Segment Open
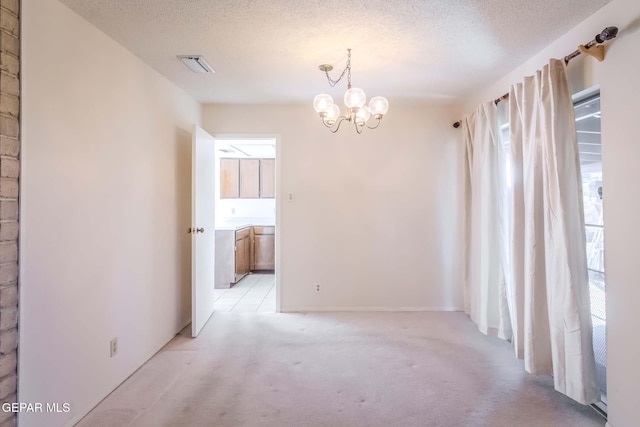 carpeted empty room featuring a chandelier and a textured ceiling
Segment Closed
Segment Open
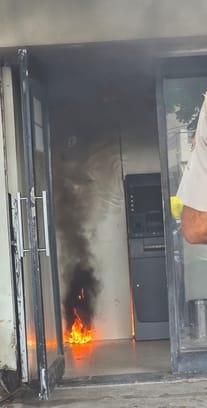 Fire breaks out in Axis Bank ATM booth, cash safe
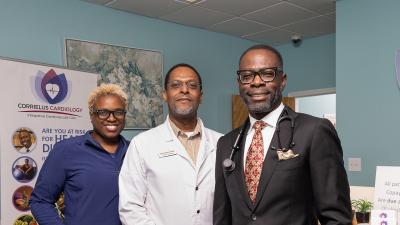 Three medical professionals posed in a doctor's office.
Segment Closed
* **EXERCISE OBJECTIVE**: Pictures excluded, transcribe the listing above exactly from the line with "Fire breaks out" through the line with "Three medical professionals", and no further.

* **RESULT**:
 Fire breaks out in Axis Bank ATM booth, cash safe
 Three medical professionals posed in a doctor's office.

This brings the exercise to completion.